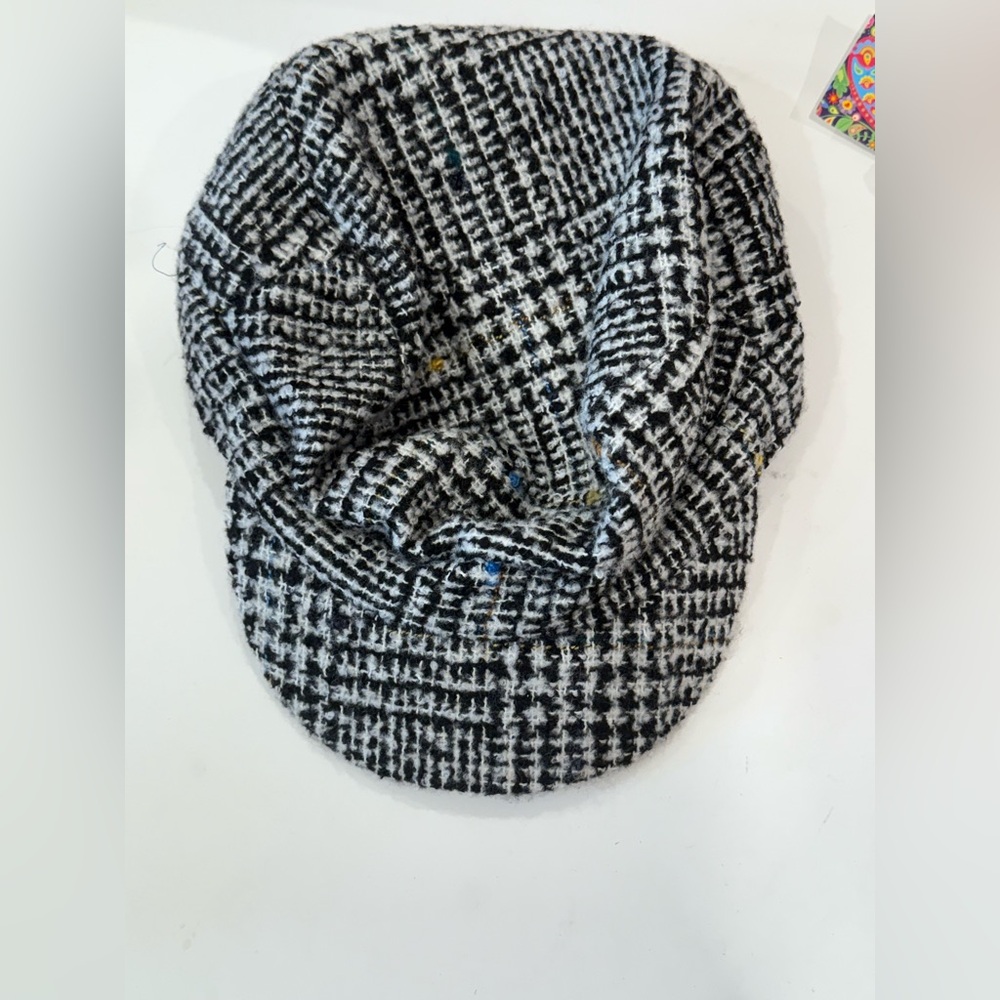 Black and White Houndstooth Cap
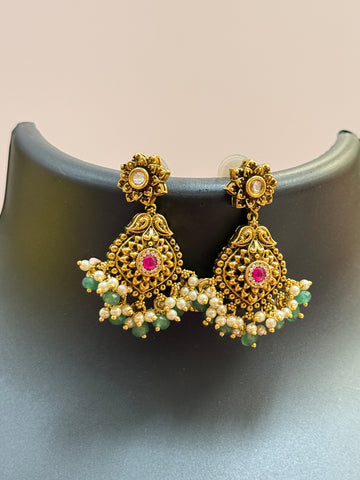 Antique Finish Kundan Necklace set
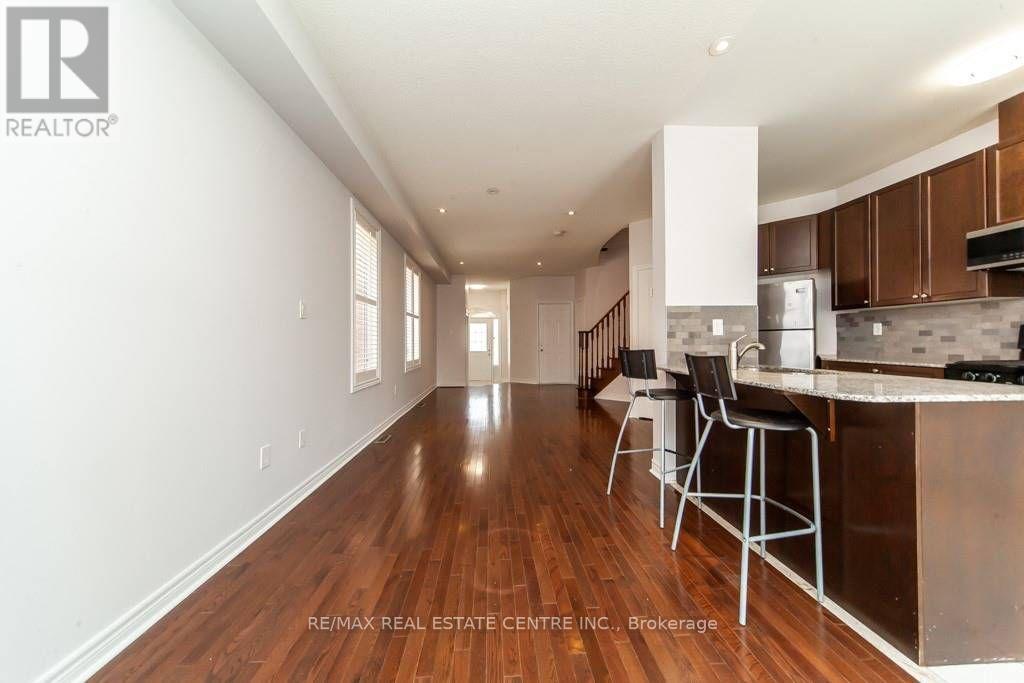 3317 Stoney Crescent, Mississauga, Ontario  L5M 0N6 - Photo 11 - W12211342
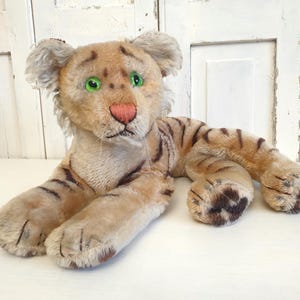 Antique tiger by Steiff, old stuffed toy, lying down, Steiff toy, brocante, vintage, shabby, plush toy, collector's item, RARE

#### Exercise
Leaving out all pictures, repeat word for word the lines from the one containing "Antique Finish Kundan Necklace set" through the final line of the material above.

#### Task output
 Antique Finish Kundan Necklace set
 3317 Stoney Crescent, Mississauga, Ontario  L5M 0N6 - Photo 11 - W12211342
 Antique tiger by Steiff, old stuffed toy, lying down, Steiff toy, brocante, vintage, shabby, plush toy, collector's item, RARE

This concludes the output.